How to build a cluster in order to have full data replication between the nodes?

How can i build/configure a cockroach cluster in order to have all data in all nodes? I’m not talking about to have pieces of data spread across the nodes.

I’ve tried to start a cluster with locality flag but as soon i kill cockroach process in the machine which first recieved the data, i’m no longer able to execute a select and the command only return the data when i start this instance again.

In other words, i wanna to achieve a scenario that if i have total of 3 nodes and i lost 2 of them or they become unavaliabe, i still want to work normally.

In case that cockroachdb does’t support this feature. How is the best way to achieve it?

After some time and whitout flag locality i was able to connect on the second node and retrieve a select from a table with the first node down.However, now i’m trying to select other table with 3 nodes up and no data is been retrieved with select, just a forever waiting with no errors.
Cockroach console shows 37 replicas in each node. Now, after some minutes a error message came back from that last select: SQL Error [08006]: An I/O error occured while sending to the backend.
Node 1: Mac os, cockroach 1.5; node 2 and 3: Debian 9, cockroach 1.6 same machine; no container at all.

Hi @Linux10000,

CockroachDB replicates your data 3 times (by default) and uses the Raft consensus algorithm to guarantee consistency between replicas. This means that a majority of replicas needs to be available for the cluster to make progress. In the case of a 3-node cluster, therefore, losing 2 nodes means losing consensus: the cluster becomes unresponsive.

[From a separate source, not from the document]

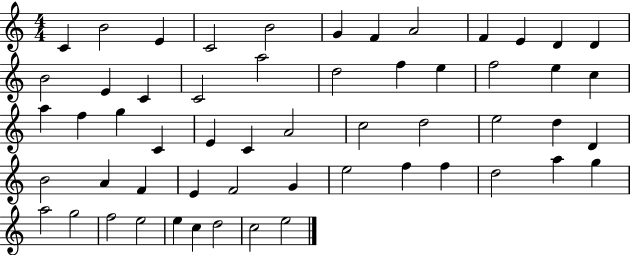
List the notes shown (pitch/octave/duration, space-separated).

C4/q B4/h E4/q C4/h B4/h G4/q F4/q A4/h F4/q E4/q D4/q D4/q B4/h E4/q C4/q C4/h A5/h D5/h F5/q E5/q F5/h E5/q C5/q A5/q F5/q G5/q C4/q E4/q C4/q A4/h C5/h D5/h E5/h D5/q D4/q B4/h A4/q F4/q E4/q F4/h G4/q E5/h F5/q F5/q D5/h A5/q G5/q A5/h G5/h F5/h E5/h E5/q C5/q D5/h C5/h E5/h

There are other node/replication configurations that may get you closer to what you want, but you’ll never be able to have a 3-node cluster survive the loss of 2 nodes.

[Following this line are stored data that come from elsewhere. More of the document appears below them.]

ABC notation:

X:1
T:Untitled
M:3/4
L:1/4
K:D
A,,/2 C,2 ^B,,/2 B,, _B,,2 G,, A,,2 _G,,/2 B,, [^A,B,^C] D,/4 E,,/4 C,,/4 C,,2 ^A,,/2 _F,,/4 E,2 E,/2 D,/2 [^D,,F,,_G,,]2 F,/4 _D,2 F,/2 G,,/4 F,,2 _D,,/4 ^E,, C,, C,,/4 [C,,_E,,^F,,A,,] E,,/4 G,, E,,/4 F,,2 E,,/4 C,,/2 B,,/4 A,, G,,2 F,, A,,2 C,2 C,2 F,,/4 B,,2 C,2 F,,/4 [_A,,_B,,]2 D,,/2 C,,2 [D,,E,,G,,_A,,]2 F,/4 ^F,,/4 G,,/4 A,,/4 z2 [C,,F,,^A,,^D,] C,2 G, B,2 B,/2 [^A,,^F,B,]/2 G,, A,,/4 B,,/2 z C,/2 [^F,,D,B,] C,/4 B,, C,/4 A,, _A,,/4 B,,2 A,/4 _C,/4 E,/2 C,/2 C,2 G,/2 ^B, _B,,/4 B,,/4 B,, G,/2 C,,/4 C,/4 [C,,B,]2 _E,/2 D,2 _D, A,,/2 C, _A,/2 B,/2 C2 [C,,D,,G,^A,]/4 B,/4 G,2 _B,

It might be helpful for you to go through these intro training modules. They explain the reasoning and architecture behind CockroachDB and then guide you through some hands-on labs to experience how replication and fault tolerance work using a simple local cluster.

Best,
Jesse

2 Likes

Thanks for the answer.
Perharps i need to rethink what i’m trying to achieve.
For now, i’ll think about what you said.

Fair enough.
And in case a cluster (of 3 nodes) has been running in my place and for any reason i lost those 2 machines?
Theorically, this single machine doesn’t need consensus. Well, i think if i can start with a single node, i could back to it. Make sense, right?
In other words, i wanna come back from cluster to single machine (maybe permanently). How should i proceed?

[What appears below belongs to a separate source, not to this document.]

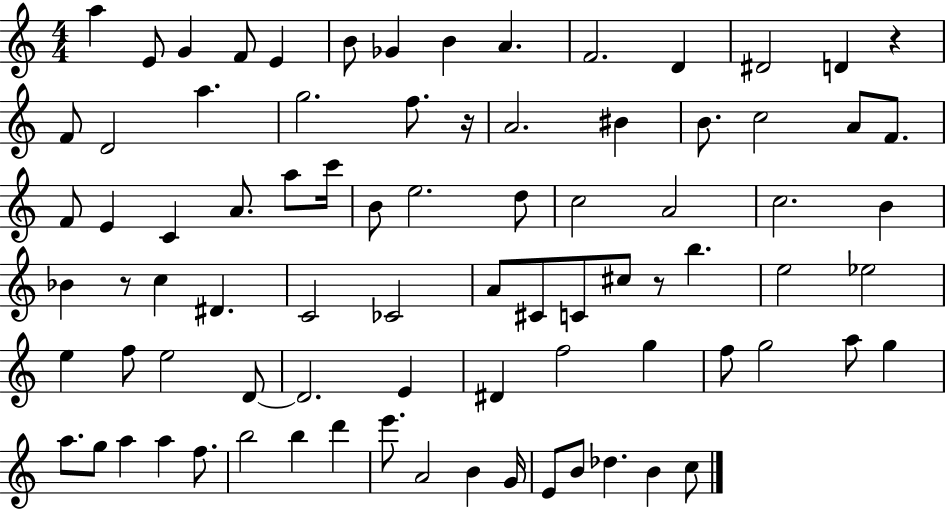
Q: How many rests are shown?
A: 4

Currently, your only option would be to restore the cluster from a backup. However, for a future release, I believe we are investigating other disaster recovery options. Here’s a related GitHub issue.

@dianasaur323 or @bdarnell, are we looking into ways for a cluster that loses consensus to come back online at a lower replication factor (or no replication)?

1 Like

What’s the implication of increasing the num_replicas for a cluster as you increase nodes. Does it play any part in the fault tolerance formula i.e. (n - 1)/2.

For example in a cluster spread across 3 AZ’s (single region) does increasing the number of nodes or num_replicas beyond a 3 node cluster provide any benefit if I want to tolerate a single AZ failure ? Is there anyway to tolerate loss of 2 AZ’s ?